- Material for this exercise:
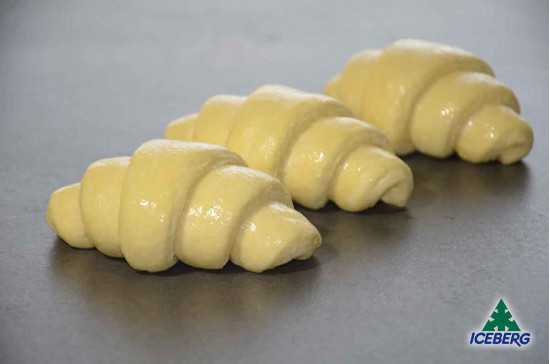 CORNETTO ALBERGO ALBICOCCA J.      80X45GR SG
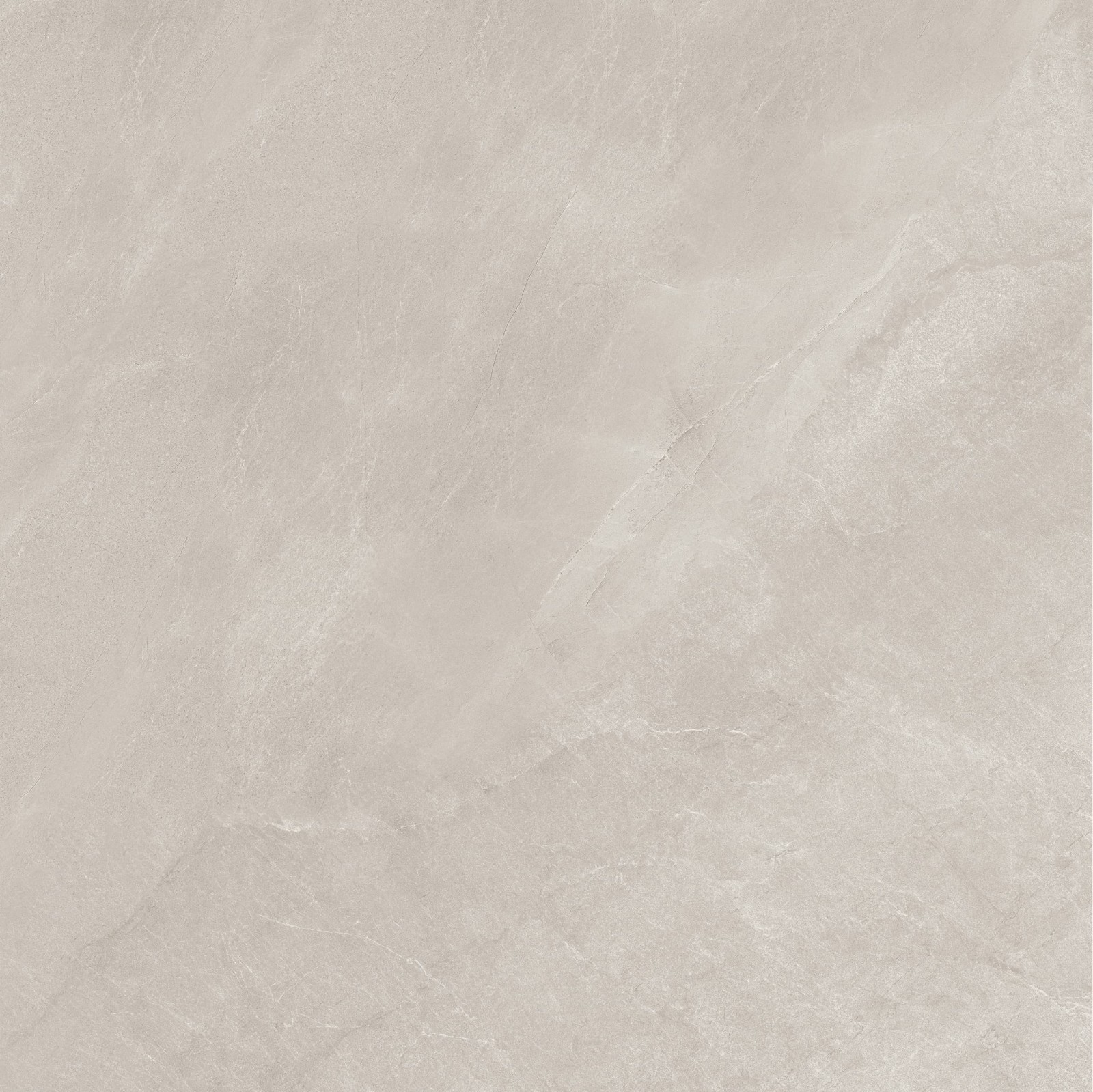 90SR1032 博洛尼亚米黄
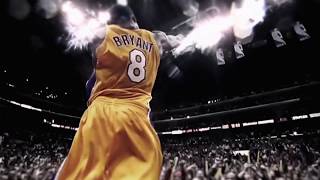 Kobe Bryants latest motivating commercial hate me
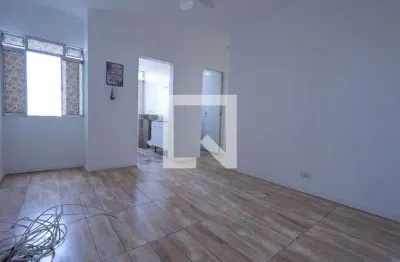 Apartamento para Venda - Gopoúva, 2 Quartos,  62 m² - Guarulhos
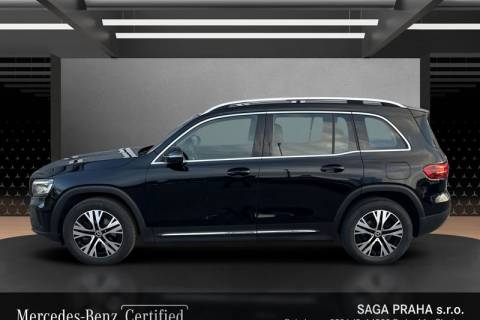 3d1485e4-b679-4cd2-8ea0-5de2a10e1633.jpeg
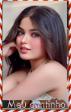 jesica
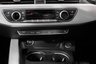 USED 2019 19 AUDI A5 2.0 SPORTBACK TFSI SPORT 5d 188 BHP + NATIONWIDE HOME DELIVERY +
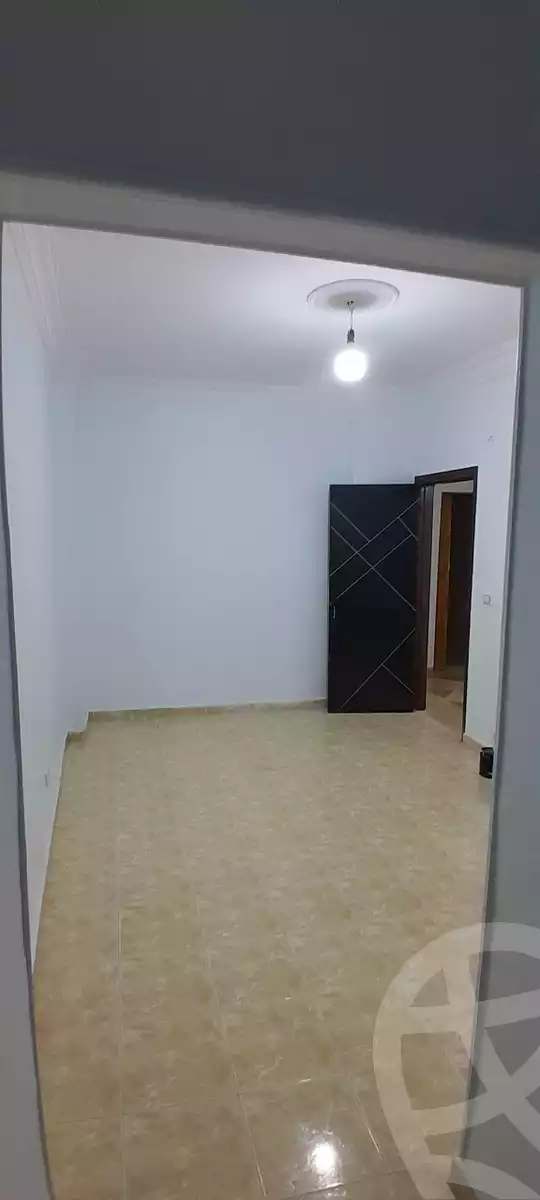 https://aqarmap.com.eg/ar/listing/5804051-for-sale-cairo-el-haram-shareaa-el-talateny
--
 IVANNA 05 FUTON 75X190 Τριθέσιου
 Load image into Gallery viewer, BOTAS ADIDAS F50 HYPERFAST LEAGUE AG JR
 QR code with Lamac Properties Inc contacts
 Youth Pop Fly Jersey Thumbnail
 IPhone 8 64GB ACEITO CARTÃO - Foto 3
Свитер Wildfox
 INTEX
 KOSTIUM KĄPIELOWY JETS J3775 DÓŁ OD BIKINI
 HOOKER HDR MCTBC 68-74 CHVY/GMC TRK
--
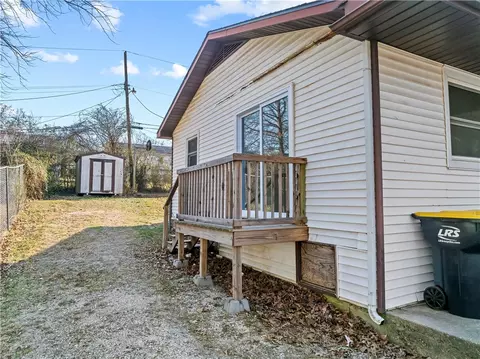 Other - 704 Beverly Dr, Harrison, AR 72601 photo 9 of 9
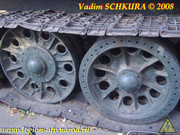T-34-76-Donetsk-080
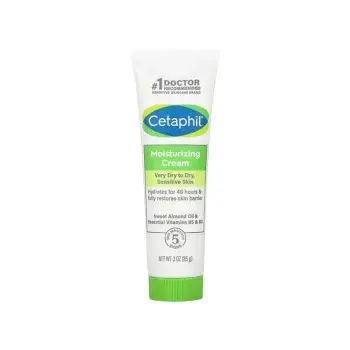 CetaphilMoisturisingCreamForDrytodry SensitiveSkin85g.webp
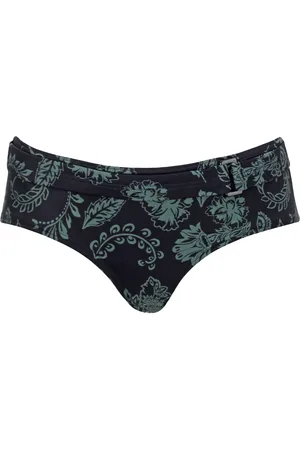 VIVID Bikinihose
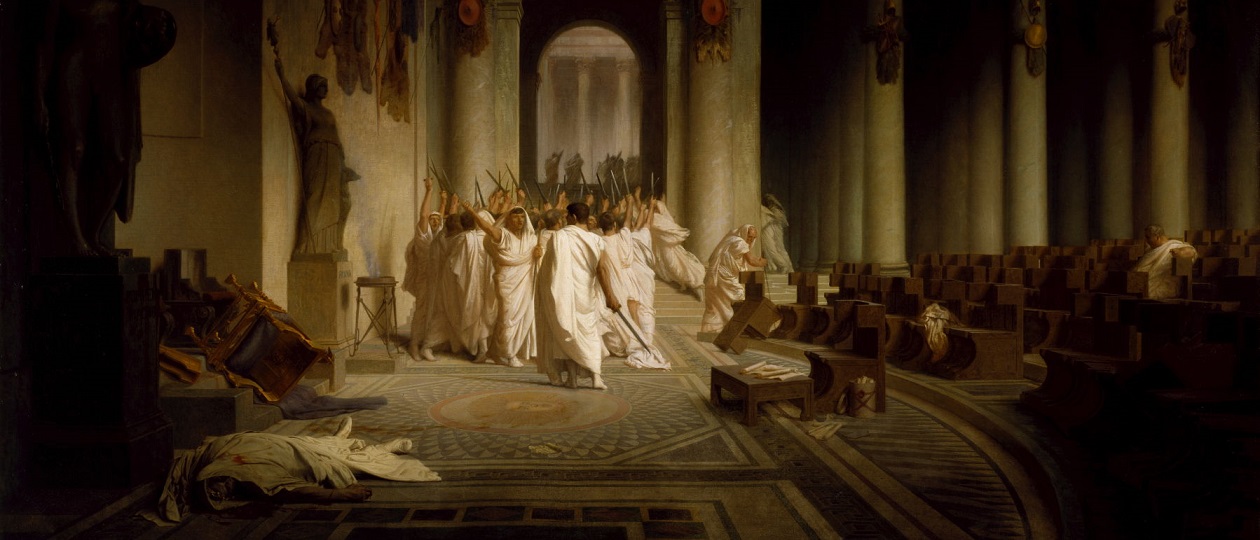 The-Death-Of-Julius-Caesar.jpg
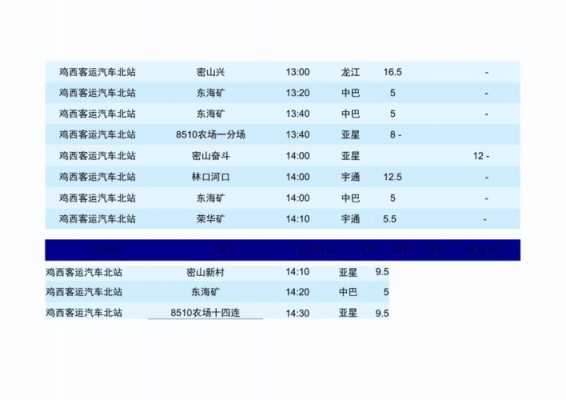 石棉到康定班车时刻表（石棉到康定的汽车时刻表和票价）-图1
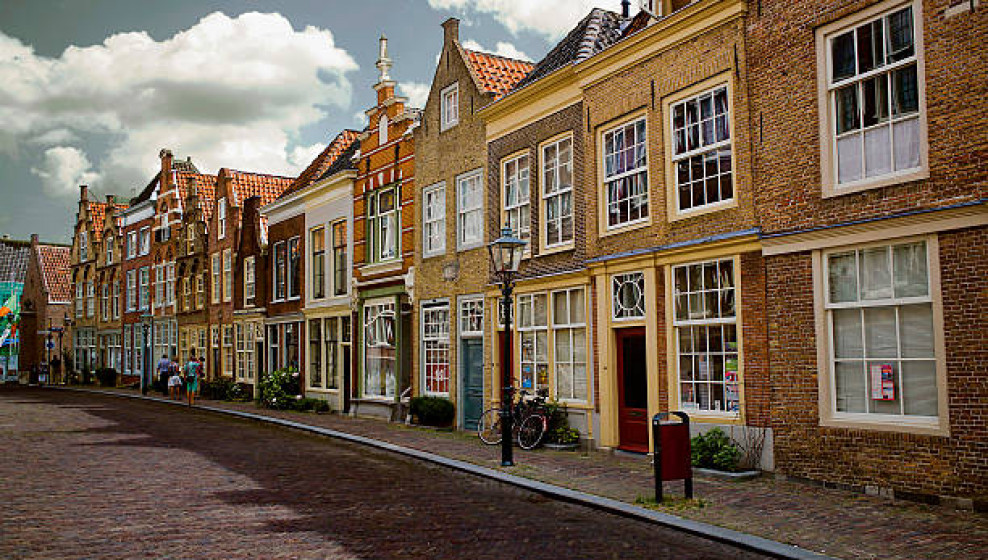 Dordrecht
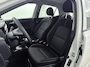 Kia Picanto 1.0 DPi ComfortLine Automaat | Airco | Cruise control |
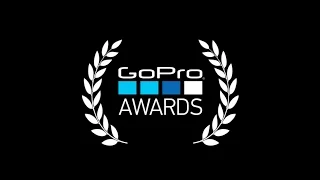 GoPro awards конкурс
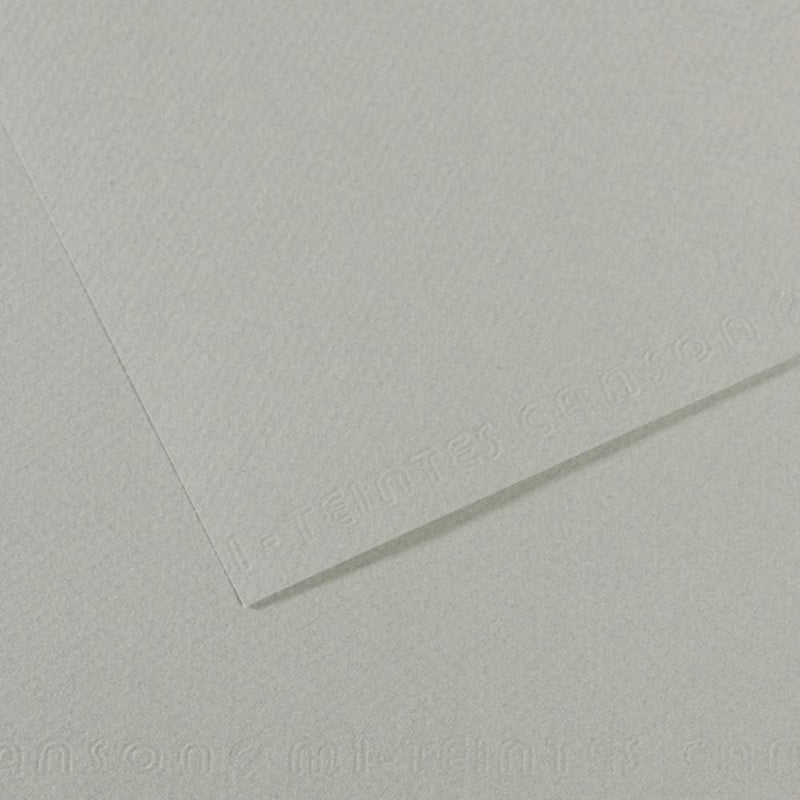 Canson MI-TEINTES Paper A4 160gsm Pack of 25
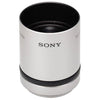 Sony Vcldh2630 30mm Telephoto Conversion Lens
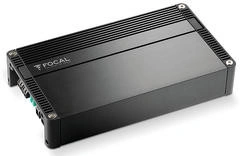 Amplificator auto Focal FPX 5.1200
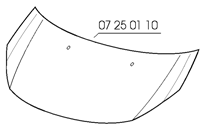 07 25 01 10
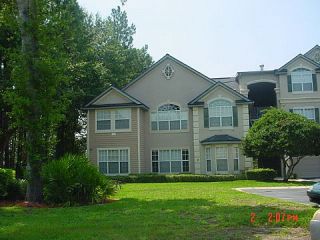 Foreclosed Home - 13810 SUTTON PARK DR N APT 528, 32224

- What needs to be done:
Beginning at the line that has "CORNETTO ALBERGO ALBICOCCA" and ending at the line that has "USED 2019 19", restate the listing above word for word, pictures left out.

- Solution for this task:
 CORNETTO ALBERGO ALBICOCCA J.      80X45GR SG
 90SR1032 博洛尼亚米黄
 Kobe Bryants latest motivating commercial hate me
 Apartamento para Venda - Gopoúva, 2 Quartos,  62 m² - Guarulhos
 3d1485e4-b679-4cd2-8ea0-5de2a10e1633.jpeg
 jesica
 USED 2019 19 AUDI A5 2.0 SPORTBACK TFSI SPORT 5d 188 BHP + NATIONWIDE HOME DELIVERY +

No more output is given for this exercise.